-- EXERCISE AIM --
The material below includes pictures; leave them out and return only the lines between the line containing "Rocha, Aurlio - and" and the line containing "Dental Portable Imaging", inclusive, word for word.

-- MATERIAL PROVIDED --
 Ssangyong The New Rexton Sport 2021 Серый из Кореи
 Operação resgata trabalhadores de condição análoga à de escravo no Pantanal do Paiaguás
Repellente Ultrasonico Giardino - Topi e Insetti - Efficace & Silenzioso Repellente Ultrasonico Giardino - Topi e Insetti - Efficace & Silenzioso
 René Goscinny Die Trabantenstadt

...

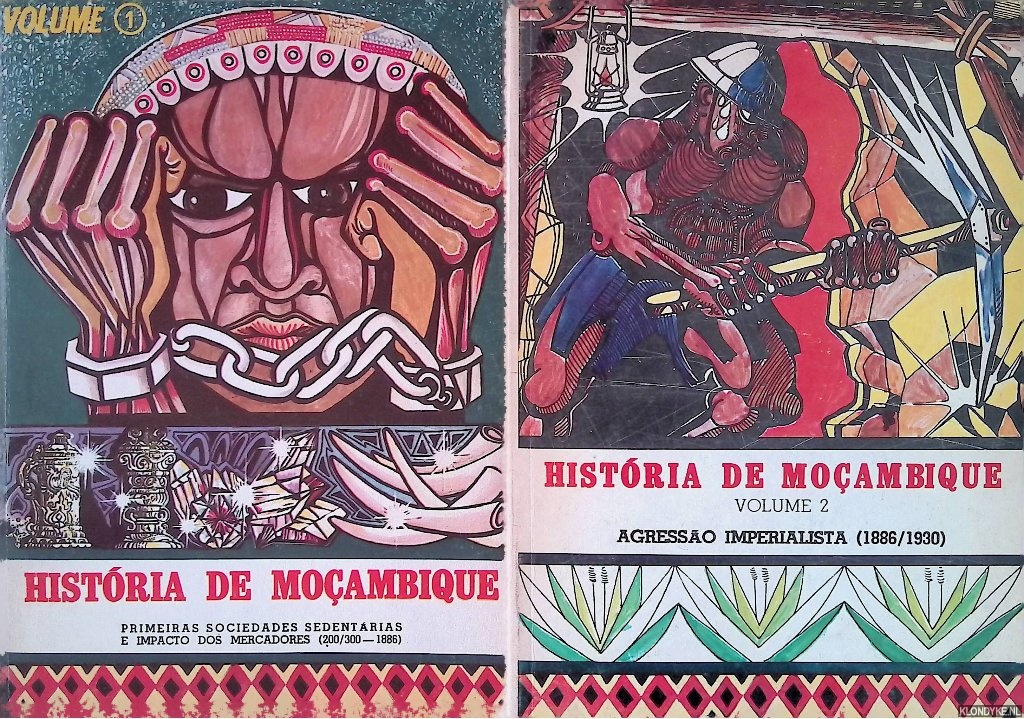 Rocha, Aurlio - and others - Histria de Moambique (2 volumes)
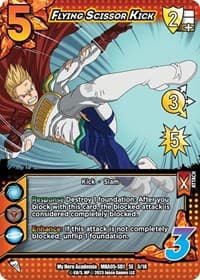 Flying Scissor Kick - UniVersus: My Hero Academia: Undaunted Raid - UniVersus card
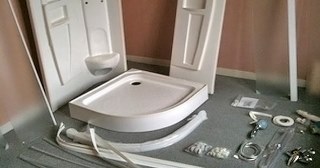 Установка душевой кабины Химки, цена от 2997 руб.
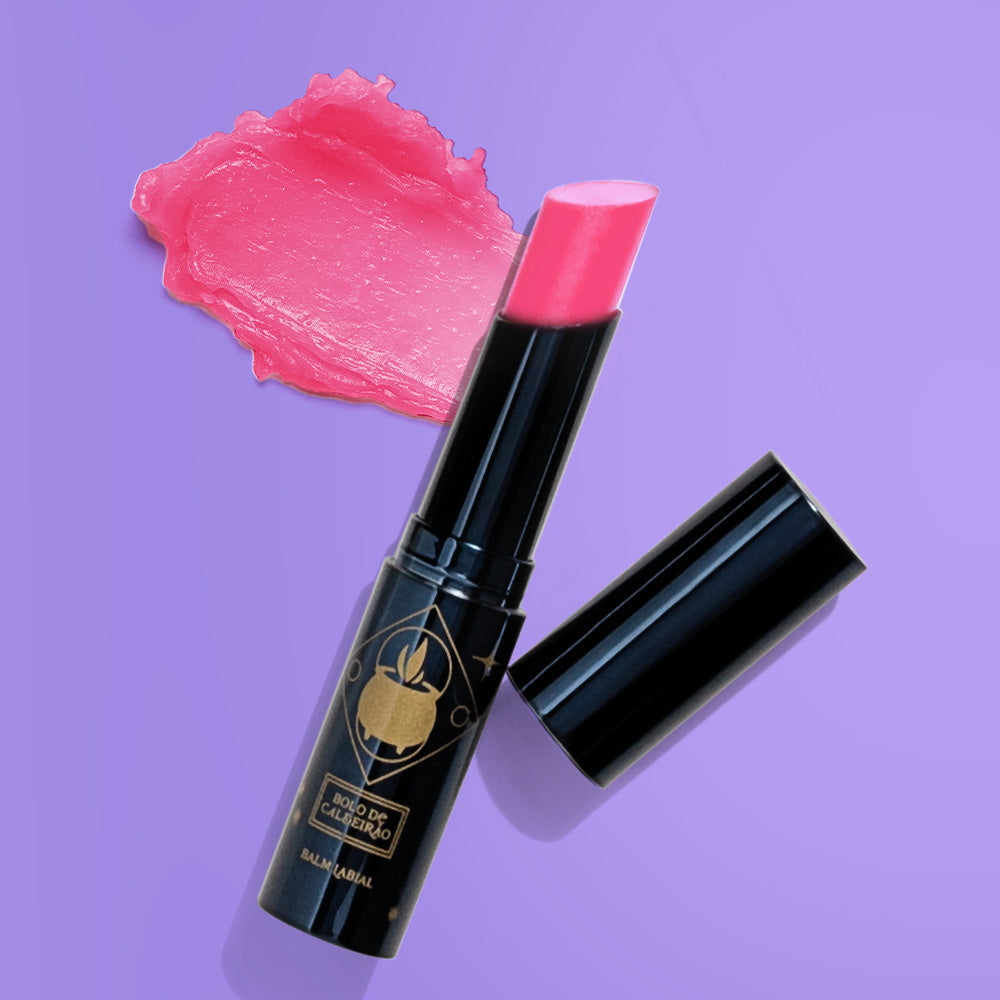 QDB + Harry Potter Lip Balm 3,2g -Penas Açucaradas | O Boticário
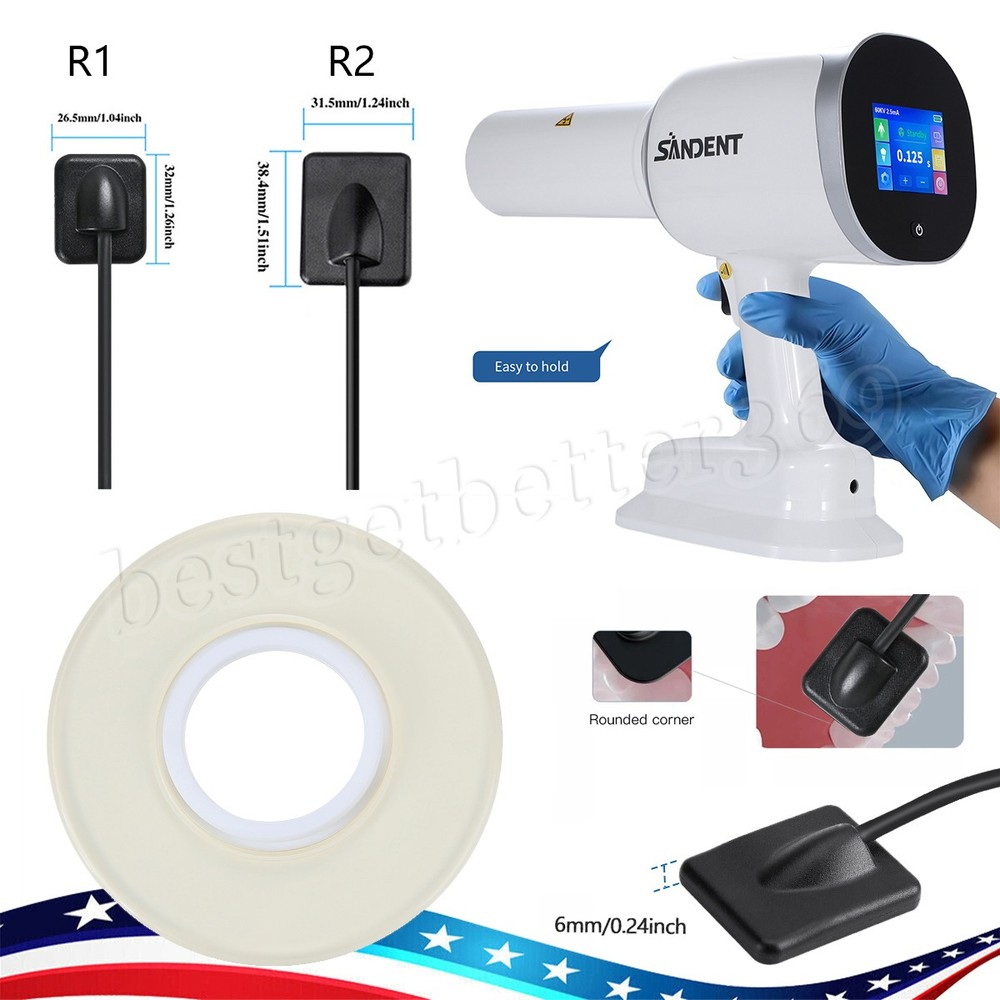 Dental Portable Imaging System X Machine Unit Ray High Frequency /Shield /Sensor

---

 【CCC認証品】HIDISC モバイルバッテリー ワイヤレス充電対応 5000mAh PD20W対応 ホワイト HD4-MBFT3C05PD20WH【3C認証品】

-- EXERCISE SOLUTION --
 Rocha, Aurlio - and others - Histria de Moambique (2 volumes)
 Flying Scissor Kick - UniVersus: My Hero Academia: Undaunted Raid - UniVersus card
 Установка душевой кабины Химки, цена от 2997 руб.
 QDB + Harry Potter Lip Balm 3,2g -Penas Açucaradas | O Boticário
 Dental Portable Imaging System X Machine Unit Ray High Frequency /Shield /Sensor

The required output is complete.